Back in the Soviet Union my mother had dreamed of becoming a math teacher. She had to leave that dream behind when she fled with her husband and son (my older brother) to the United States — not because of her math, but instead because of her English. Though her English has improved greatly in the past 30 years, her accent is still thicker than those of most post-grad teaching assistants in college math departments. She would not let the language barrier stop her from passing math onto her now-two sons though.
I was drilled in math from an early age with a textbook which my mother smuggled out of the Soviet Union. They were filled with word problems — the kind about trains departing from different cities at different speeds and the number of apples and oranges you can buy with 30 rubles, or in other words the kind that most people hate — and I would slowly solve them at our kitchen table with pencil and paper while my mother either cooked nearby, or else sat with me marking up the circular and clipping coupons for the week’s grocery trip. When I would finish a problem she would come and check my math, adjust where necessary, and read me the next one (as I could not yet read Russian, and admittedly hardly can even today). When I wanted a break she would let me clip coupons for her, and so it went for an hour a day a few afternoons a week.
My uncle dreamed for his son to become a gymnast. He did. Though my cousin wouldn’t pursue it in college, he did walk onto their dive team, and would use those years of training to perform impressive feats such as a winter ascent up Mont Blanc.
His younger sister wanted to become a school teacher. Her parents cycled her through extracurriculars like tennis and piano and dance to pad her college resume. Today she works for Big Tech, but hopes to work in EdTech.
It was no big surprise that I wanted to be a mathematician; I loved math and I loved my mother and I wanted to be like my mother. Over the course of the next few years, my interests grew to the more physical realm, and I wanted to become an engineer. Bridges were pretty and so I wanted to be a civil engineer. Meanwhile my older brother Alex was in the midst of high school and college applications and what he dreamed of becoming came to the forefront of his mind.
Alex wanted to be a lawyer — per his words “Because I am persuasive and am able to argue people into my point.” And by ‘argue into’ he meant more ‘bludgeon with’. He wanted to attend a summer program on law but my mother laughed him under the table because she did not think Alex would do the work.
Shortly thereafter Alex found out how many years of school it took to become a lawyer and changed his mind.
My father would have been happy with the change if he were more attentive to what Alex dreamed of — he had a joke about lawyers: What do you call a hundred lawyers at the bottom of the sea? A good start.
A friend from camp wanted to be an archeologist. Since then, she’s traveled the world and completed her doctorate in anthropology, which is close enough seeing as most people cannot tell the difference between the two.
My brother then took an interest in psychology but my parents had other things in mind. Learn to manage your finances, get a steady job, and build a nest egg and then you can do whatever you want. My brother had a knack for web design and my parents thought it would be more lucrative. To their part, by then — having struggled for a many years — my parents were living the American dream: two kids, dog, yard, mortgage.
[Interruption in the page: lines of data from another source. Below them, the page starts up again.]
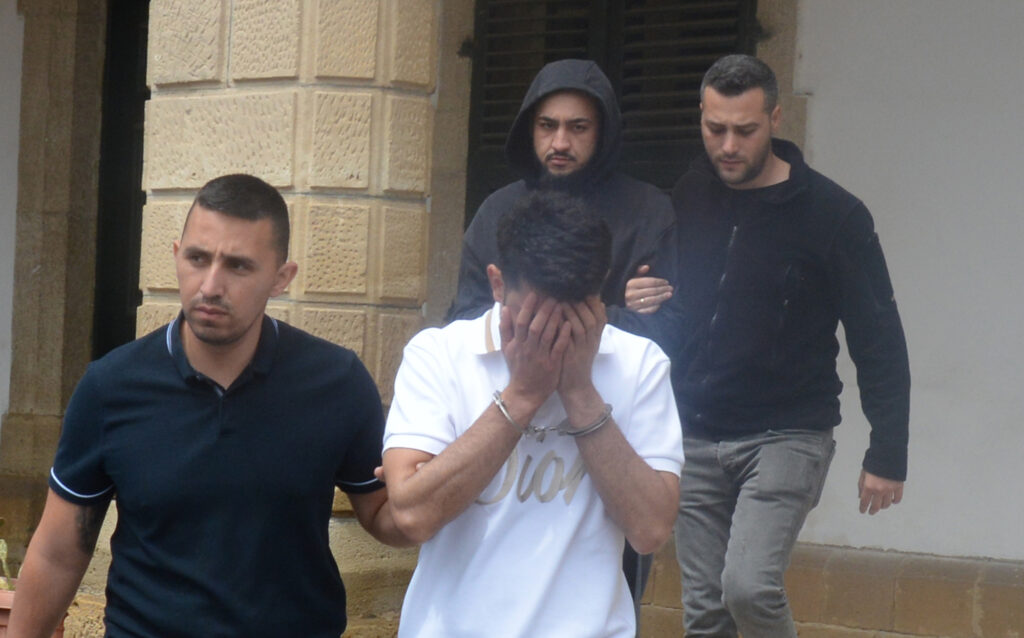 CÖŞ ekipleri Türkmenistanlı iki şahsı silah ile yakaladı, mahkemeye çıkarttı!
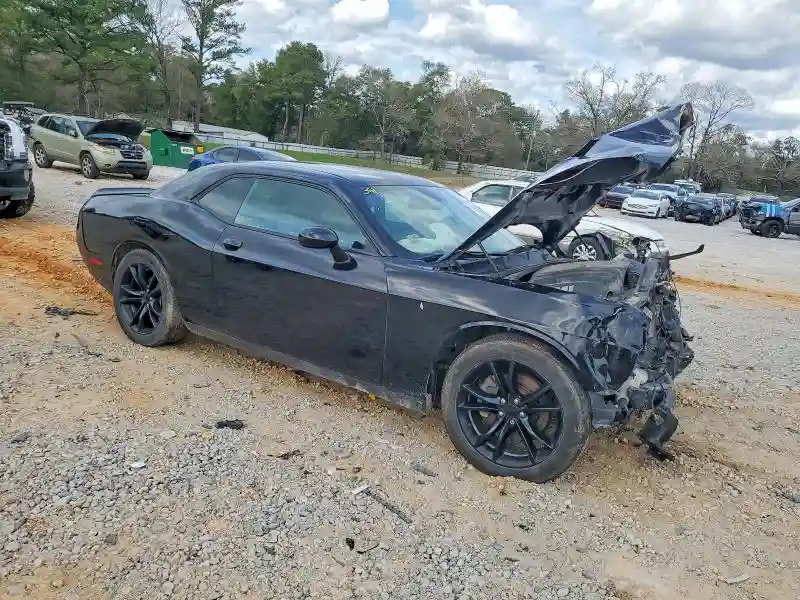 2C3CDZBT4GH300681 2016 DODGE CHALLENGER-3
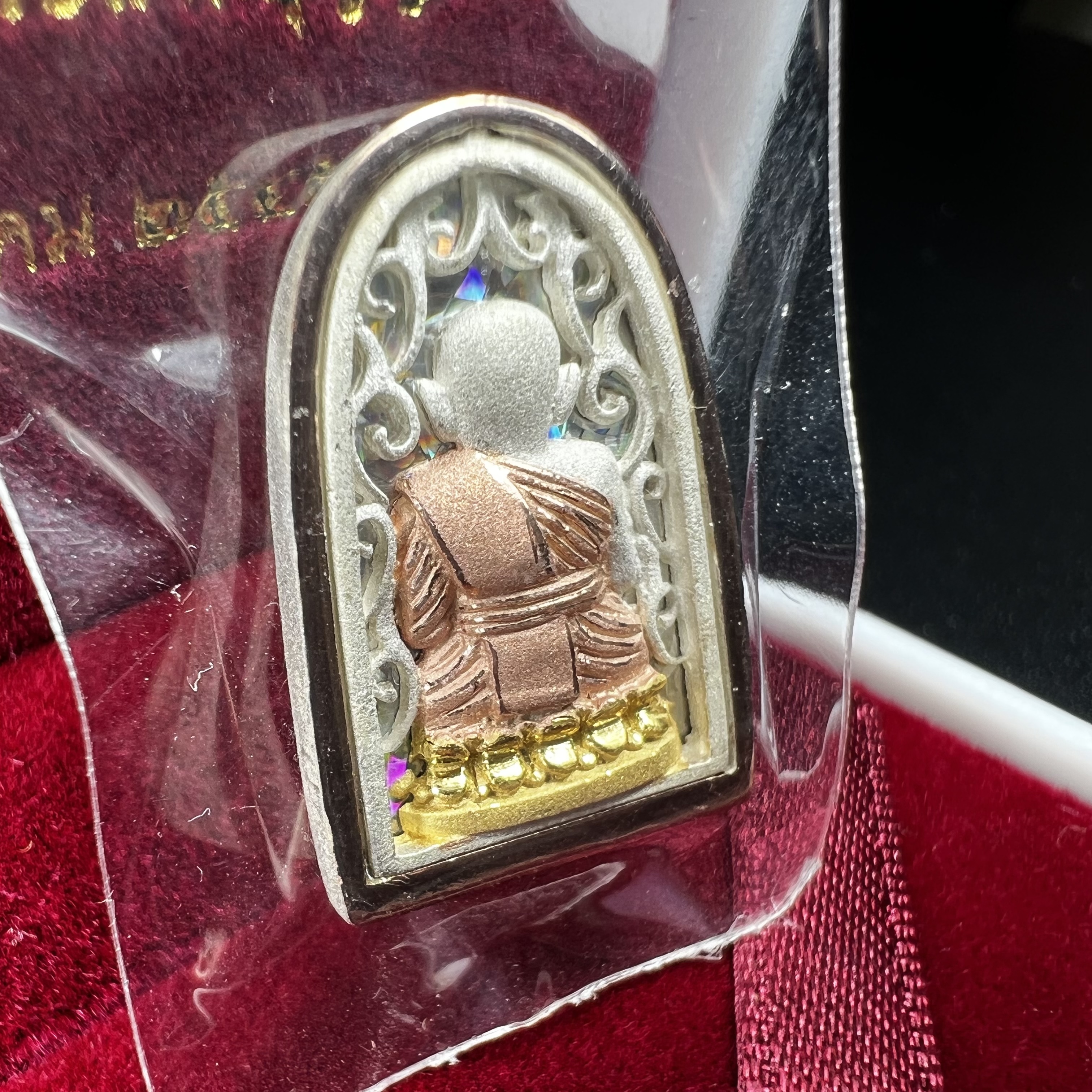 เหรียญหลวงพ่อทวด รุ่น มงคลบารมี วัดประสาทบุญญาวาส ปี 2545 เนื้อเงินสามกษัตริย์ พิมพ์ทรงพระรอด(ขนาด 2.2*1.5 ซม.)ฉลุลายฉากพื้นหลังสามมิติเปลือกหอยมุกสวยงาม ตอกโค๊ต ก(กรรมการ)พร้อมกล่องบรรจุเดิม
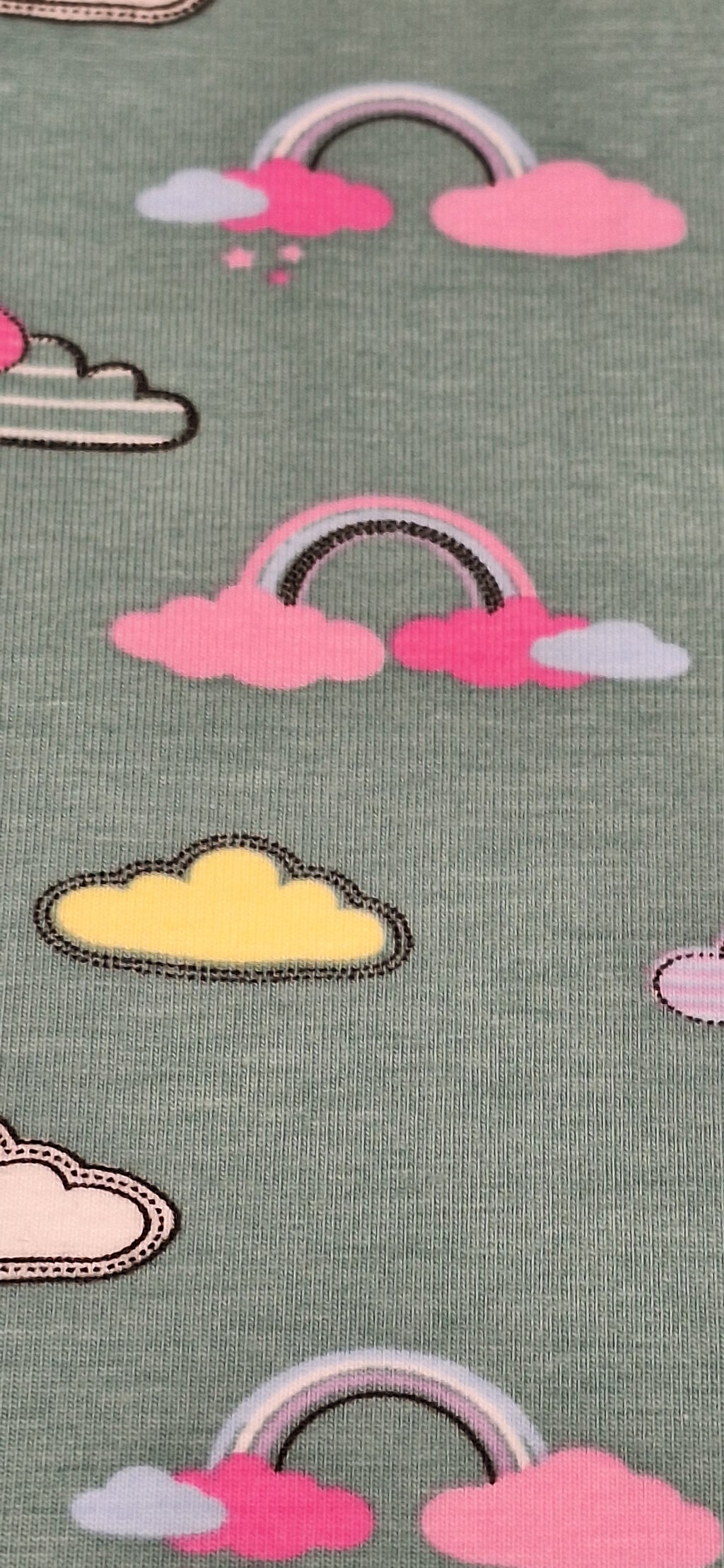 Baumwolljersey dunkelgrün mit Wolken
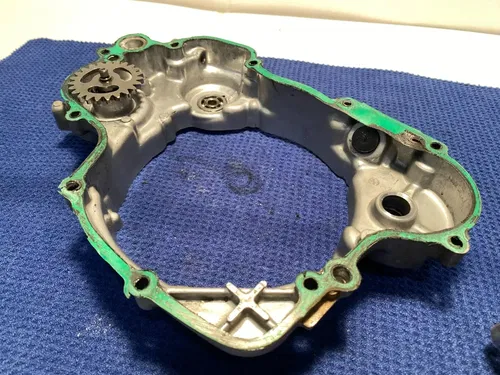 2000 00-02 KX125 KX 125 Inner Intermediate Clutch Cover Water Pump Housing Case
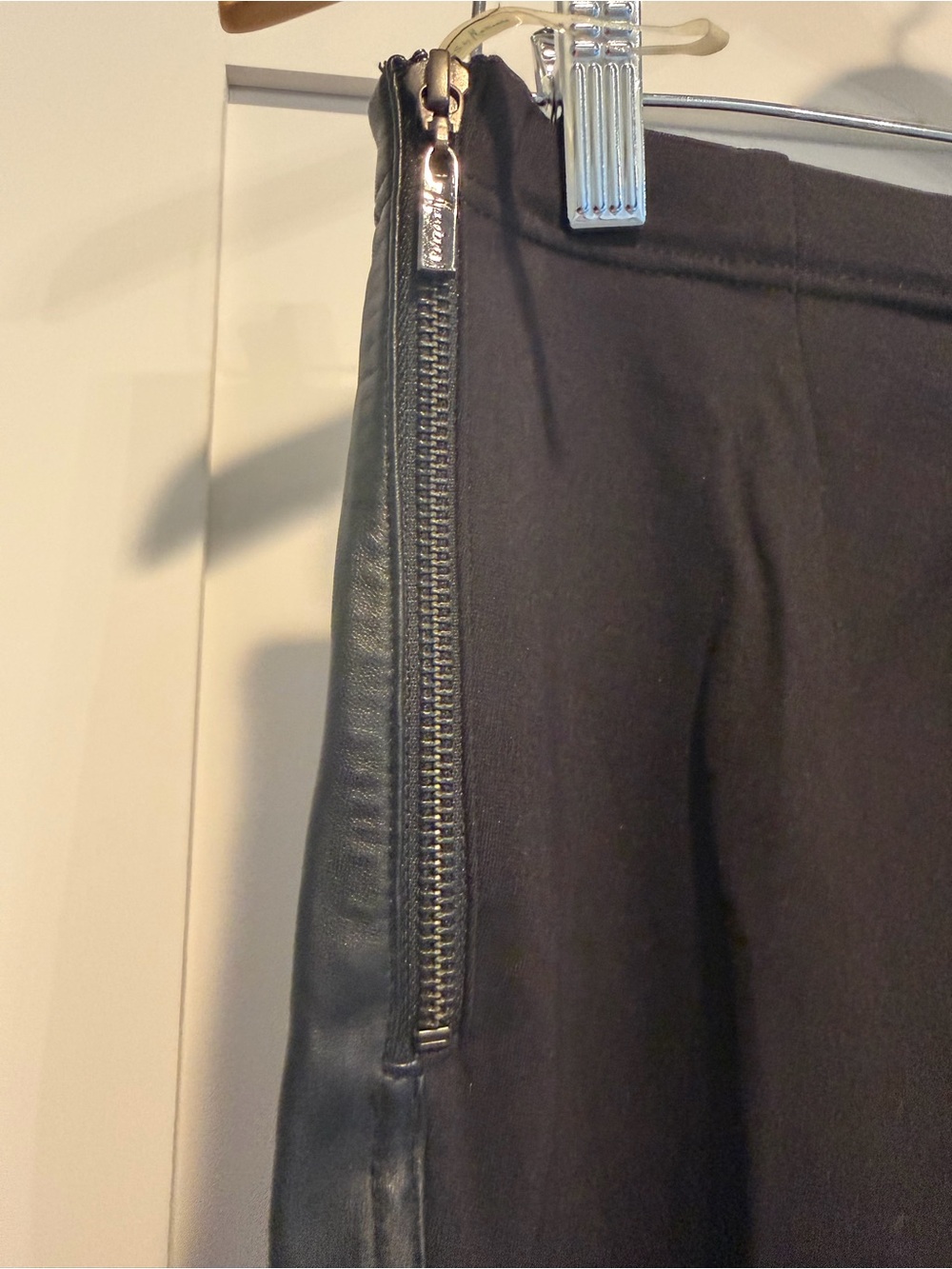 NWT GUESS BY MARCIANO Black Leather Leggings SZ 6 - Picture 4 of 7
They pushed my brother to be more practical — to take a personal finance class, an intro business class, an intro law class. My mother loved to tell me: “Your brother is smart, but he just does not want to work.” Alex had other dreams too — to get out of the house and away from my parents.
My parents were abusive — most psychologically but physically also, and in particular to Alex — so it was no wonder that my brother jumped on the first opportunity to leave the house. Practically from the moment he could drive whenever my parents left, he would ‘borrow’ the remaining of the cars. My parents, ever the sticklers, began to check the odometer before and after they left home to catch him. Some nights he wouldn’t bother to come back and would spend a night or two with a friend just to get away.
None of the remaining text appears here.